Myth 6: You need to toughen up your nipples in order to breastfeed
While this might be true, you don't need to actually do anything as women's bodies are so smart that they just do it for us during pregnancy. Before your baby is even born, your body will make the area around your nipples thicken and cause the glands in your areolas to produce oils for lubrication and protection. Then once the baby has arrived and you begin breastfeeding, a surge in the hormone oxytocin will make your nipples stretchy and more pliable for your baby's mouth. Mind-boggling but true.

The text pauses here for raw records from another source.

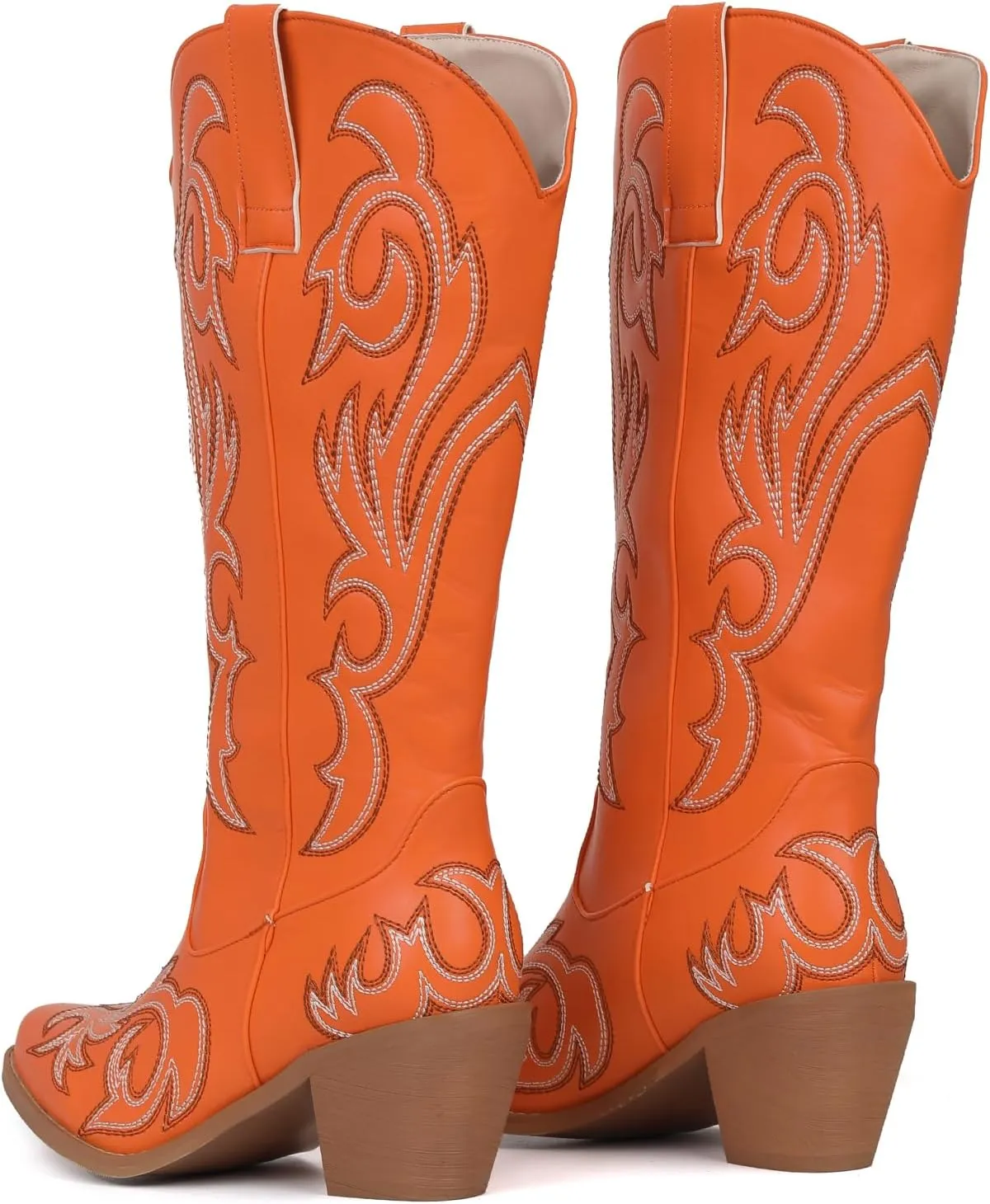 Women's Embroider Cowgirl Boots Snip Toe Slip On Bridal Floral Cowboy Boots Casual Knee High Western Boots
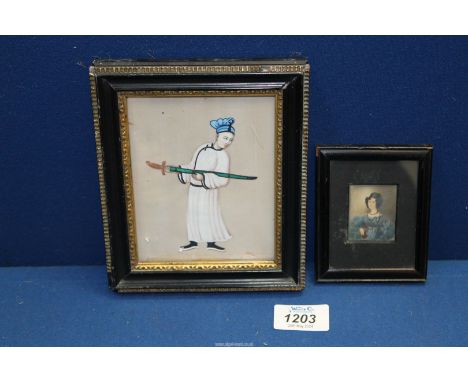 A miniature watercolour of a lady in a blue dress and black necklace, plus a painting on rice paper of an oriental soldier wi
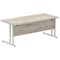 Impulse 1800mm Rectangular Desk, Silver Cantilever Leg, Grey Oak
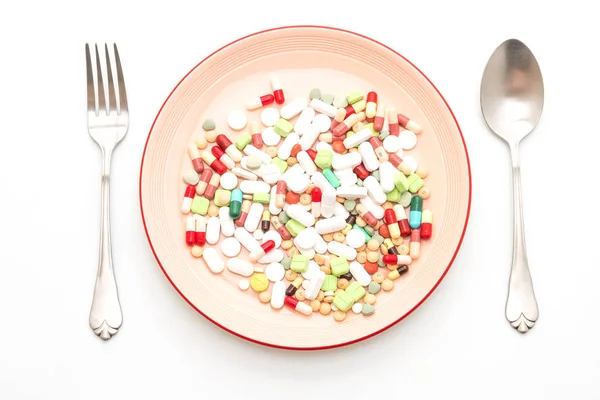 hap, ilaç, eczane, ilaç veya tıbbi beyaz arka plan üzerinde izole plaka üzerinde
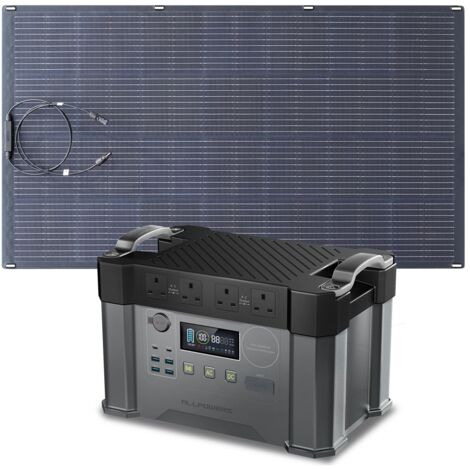 ALLPOWERS S2000 Pro MPPT Solar Generator with 1 200W Flexible Solar Panels, 2400W 1500wh Portable Power Station, Solar Mobile Battery Pack for Outdoor RV Camping, Home Emergency, Travel (1/5)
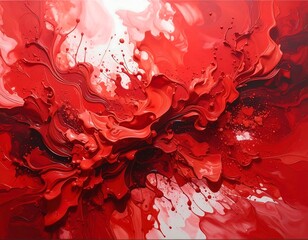 Abstract red and white fluid painting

Myth 7: You won’t be able to produce enough milk to feed your baby if you have small breasts
You might look at other mamas with DDs and be thinking they must find it easier to breastfeed, but breast size doesn’t actually have any effect on how much milk you produce. Breast size is made up of fatty tissue, whereas the milk ducts are located in the functional tissue and that’s what grows in response to your pregnancy. So if you’re part of the small breast brigade remember it doesn't actually matter what bra size you wear, you'll be perfectly capable of providing for your little one.

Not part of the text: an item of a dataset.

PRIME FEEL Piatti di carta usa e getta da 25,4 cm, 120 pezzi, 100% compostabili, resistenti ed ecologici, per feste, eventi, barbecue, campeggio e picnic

Myth 8: If you feed your baby with a bottle, they’ll no longer go to the breast
This can ring true for some mamas, but generally, babies will happily feed via a bottle and the breast with no problem. If you're planning on alternating though, most breastfeeding specialists recommend waiting 6 weeks until you introduce the bottle so that your baby is comfy with feeding on the breast first.

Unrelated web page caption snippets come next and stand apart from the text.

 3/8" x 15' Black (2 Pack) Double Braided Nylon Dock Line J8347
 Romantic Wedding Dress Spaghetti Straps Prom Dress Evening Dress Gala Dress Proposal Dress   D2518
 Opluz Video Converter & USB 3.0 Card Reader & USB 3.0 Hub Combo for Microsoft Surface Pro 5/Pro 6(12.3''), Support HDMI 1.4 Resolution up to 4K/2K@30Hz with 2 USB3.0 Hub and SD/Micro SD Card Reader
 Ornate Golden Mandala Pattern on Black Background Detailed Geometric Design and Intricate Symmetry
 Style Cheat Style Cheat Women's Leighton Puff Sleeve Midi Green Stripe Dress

Myth 9: Breastfeeding is easy
Maybe one of the most frustrating myths for new mamas. Breastfeeding is not easy. While it’s true that babies are born with the reflex to look for their mom's breast to feed, it doesn't make it easy. Every mom is going to have a different breastfeeding experience, and most moms will need help positioning their baby for feeding and making sure that the baby is latched on correctly. Modern pressures like going back to work straight away can also make breastfeeding more difficult, so go easy on yourself.
Myth 10: You should clean your nipples before breastfeeding
OK so a sweaty workout can give your nipples a salty taste, and maybe a sea swim will do the same, but on the whole, there's no need to clean your nipples before breastfeeding. Cleaning them can actually neutralize a natural substance that our nipples produce which your baby can smell.
Myth 11: You should only eat plain or bland foods when breastfeeding
A lot is said about the diets of breastfeeding moms, but to be honest, this just feels like another way for society to police our bodies. What you eat, on the whole, will not affect breastfeeding. Of course, we recommend eating a healthy balanced diet, but that's as much for keeping your energy levels up as it is for breastfeeding. While some foods can slightly change the flavor of breast milk, but that’s generally a good thing and can be a great way of exposing your baby to different flavors (because no one wants a fussy toddler). If you’re interested in more information regarding diets for nursing mums, we’ve got just that here. So eat those spicy chicken wings, mama. It’s all good.
Breastfeeding myths, officially busted
Much the same as most things in life, people are always going to have opinions on how things are done and often spread misinformation. As a new mom, you’ll learn that while they might be trying to help, you should go with what feels right for you and try not to get bogged down in their advice. You’ve got this mama.